▸ TASK DETAILS:
Starting at the line with "Front And Side" and ending at the line with "上下非接触で突出した前歯 ワイヤー装置による抜歯矯正の治療後", print exactly the lines of the entries below. Pictures do not belong in the copy.

▸ DATA SUPPLIED:
::::::::::

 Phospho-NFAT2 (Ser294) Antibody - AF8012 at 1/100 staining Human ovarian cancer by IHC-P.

::::::::::

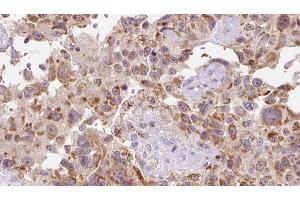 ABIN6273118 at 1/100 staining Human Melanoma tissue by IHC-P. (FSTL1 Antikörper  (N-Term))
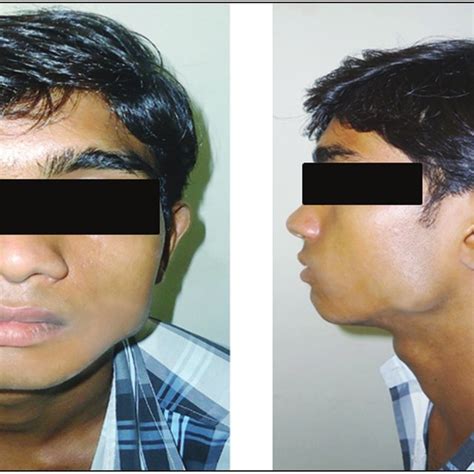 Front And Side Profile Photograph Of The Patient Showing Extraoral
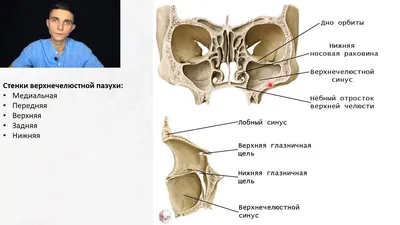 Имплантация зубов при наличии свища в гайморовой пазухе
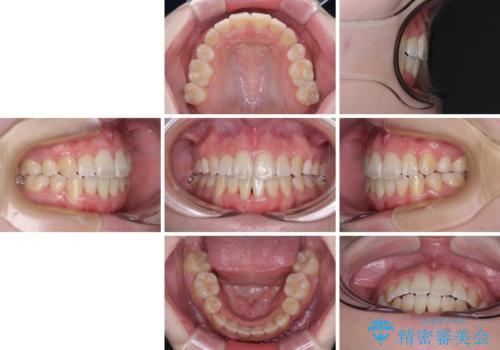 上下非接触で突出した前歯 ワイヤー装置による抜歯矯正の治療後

::::::::::

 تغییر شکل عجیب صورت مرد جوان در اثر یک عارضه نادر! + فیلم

::::::::::

▸ WRITTEN SOLUTION:
 Front And Side Profile Photograph Of The Patient Showing Extraoral
 Имплантация зубов при наличии свища в гайморовой пазухе
 上下非接触で突出した前歯 ワイヤー装置による抜歯矯正の治療後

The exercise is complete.